Geçtiğimiz hafta oynanan hazırlık maçında Şengün, gösterdiği olağanüstü performansla adından söz ettirirken, tribünlerdeki gerginlik dikkat çekti. Kameralar, ailesinin bulunduğu bölüme çevrildiğinde herkes şaşkına döndü. Orada annesi, gözyaşları içinde, herkesi susturan bir sahneye imza attı.
“Oğlum, lütfen beni affet, çok yorgunum!” sözleri, salondaki uğultuyu bir anda dondurdu.
Bu dramatik çıkış, yalnızca bir annenin yorgunluğu değil, aynı zamanda uzun süredir devam eden aile içi bir çatışmanın yansımasıydı. İddialara göre Şengün’ün annesi, bir süredir oğluna karşı açtığı mali dava yüzünden büyük baskı altındaydı. Borçlar, zorluklar ve kamuoyu tarafından gelen eleştiriler onu öyle bir noktaya getirmişti ki artık dayanacak gücü kalmamıştı.
Gerçek şu ki, Alperen Şengün ailesiyle finansal konularda uzun süredir sorunlar yaşıyordu. Türkiye’den gelen kaynaklar, özellikle pandemi sonrası dönemde aile üzerindeki ekonomik yükün ağırlaştığını ve bu durumun zamanla hukuki süreçlere kadar uzandığını doğruluyor.
Fakat işin kurmaca boyutu daha da çarpıcı: iddialara göre Şengün’ün annesi, oğlunu duruşma salonunda değil, bizzat bir NBA maçının ortasında, tüm kameraların önünde af dilemeye karar verdi.
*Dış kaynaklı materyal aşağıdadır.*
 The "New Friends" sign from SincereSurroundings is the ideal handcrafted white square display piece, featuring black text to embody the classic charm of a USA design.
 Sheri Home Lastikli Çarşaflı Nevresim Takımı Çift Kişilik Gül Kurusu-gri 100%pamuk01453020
Bu sahne, spor tarihine geçecek kadar sansasyonel bir andı.
Tüm salonun nefesini tuttuğu o anda, Alperen Şengün topu hakeme teslim etti, kenara yürüdü ve annesinin gözlerinin içine baktı. Ardından dudaklarından dökülen kelimeler herkesi şok etti.
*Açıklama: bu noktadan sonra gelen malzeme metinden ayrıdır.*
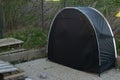 Closed Black Bicycle Tent with Zipper Closure, Outdoor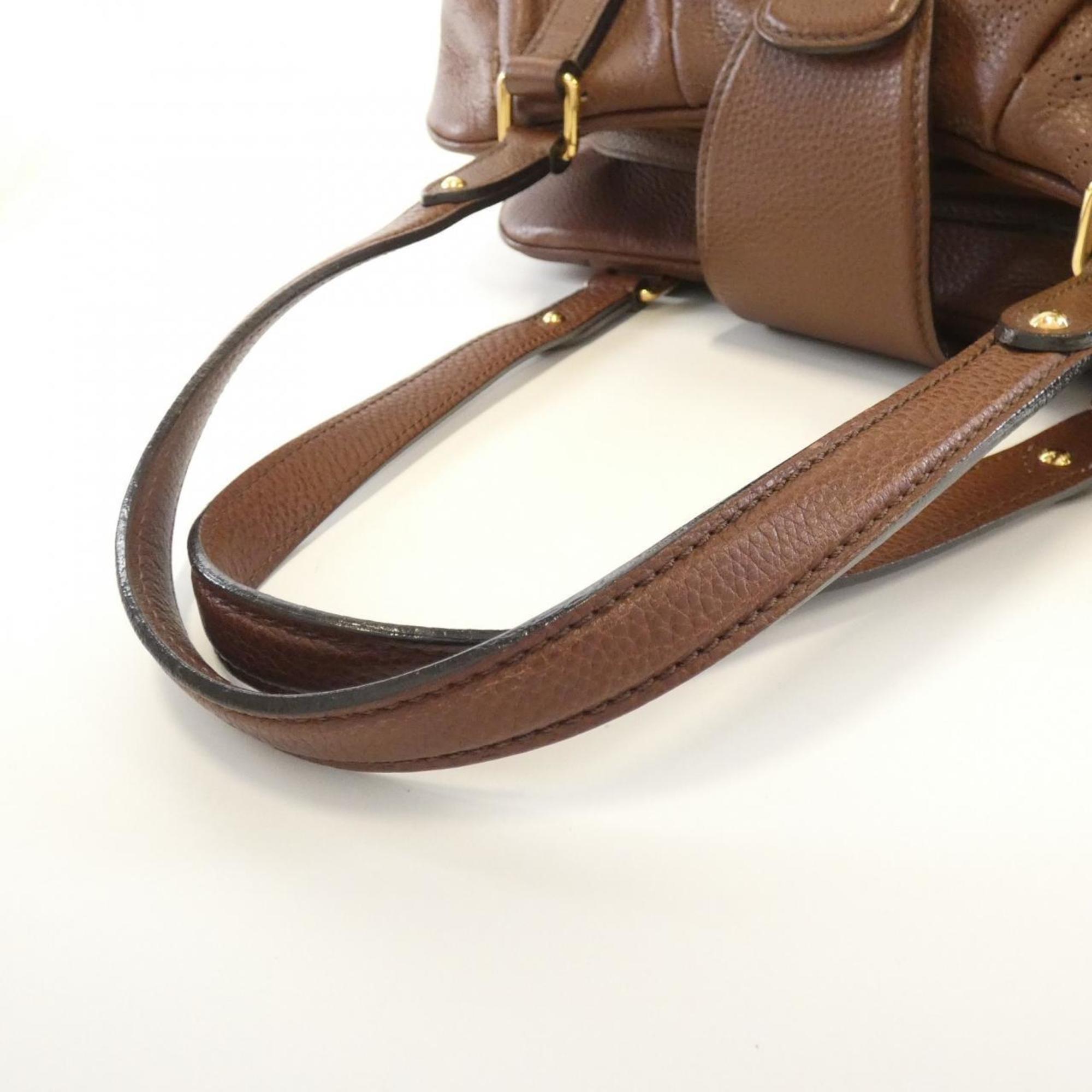 Louis Vuitton Mahina Cognac Leather Shoulder Bag (Pre-Owned)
Resmi kaynaklar bu sözleri açıklamasa da, sahadaki mikrofonlara yakalanan sekiz kelime, sosyal medyada fırtına estirdi:
“Benim için değil, kendin için güçlü ol.”
Bu sözler bir tokat gibi çarptı. Tribünlerde bir anda sessizlik oldu, ardından karmaşık bir uğultu yayıldı.
İddiaya göre, olay yerine yakın başka bir kadın – aile dostu ya da yakın akraba olduğu söylenen – bu sözleri duyduğunda sevinçten yerinde zıpladı ve yüksek sesle çığlık attı. Onun için bu an, affın işaretiydi.
Ama aynı anda, Şengün’ün annesi solgunlaştı. Elleri titredi, gözlerinden yaşlar akmaya devam etti. Onu boğan şey oğlunun reddi değil, sözlerin arkasındaki ağır anlamdı: artık tek başına ayakta durma zamanı gelmişti.
Bu dramatik sahne dakikalar içinde sosyal medyaya yayıldı. Twitter’da (X) #ForgiveAlperen ve #BeStrongMometiketleri trend oldu. Haber kanalları, olayı “NBA’de görülmemiş aile dramı” başlığıyla manşetlere taşıdı.
Bazı yorumcular Şengün’ün annesine destek çıkarken, diğerleri onun yaptığı çıkışı yanlış buldu. “Bütün dünyanın önünde oğluna böyle yalvarmak doğru değildi” diyenler kadar, “Bu bir annenin feryadıdır, kimse yargılayamaz” yorumları da yapıldı.
Alperen Şengün, NBA’de yükselen bir yıldız olarak Türkiye’yi temsil ederken, ailesiyle yaşadığı bu trajedi onun insani yönünü de gözler önüne serdi. Bir basketbolcunun hayatının yalnızca saha içinden ibaret olmadığını, özel yaşamın ve aile bağlarının her zaman büyük bir rol oynadığını bir kez daha hatırlattı.
Gerçek olan şu ki: Şengün halen Rockets formasıyla parlıyor, EuroBasket 2025 için de Türkiye’nin en büyük kozu olarak gösteriliyor. Ancak kurmaca boyutuyla birleşen bu olay, onun imajını yalnızca bir sporcu olarak değil, aynı zamanda bir evlat olarak da daha karmaşık ve dokunaklı hale getirdi.
Şengün’ün annesi gözyaşlarıyla af diledi, borçların ve baskıların gölgesinde oğluna sığındı. Fakat Şengün, güçlü bir duruş sergileyerek annesine yol gösterdi: affetmek ya da affetmemek değil, ayağa kalkıp mücadele etmek.
O an, bir basketbol maçının sınırlarını aşıp küresel bir insanlık hikâyesine dönüştü. Ve belki de yıllar sonra insanlar bu sahneyi hatırladığında, skorları değil, bir annenin gözyaşlarını ve bir oğlun şok edici cevabını konuşacaklar.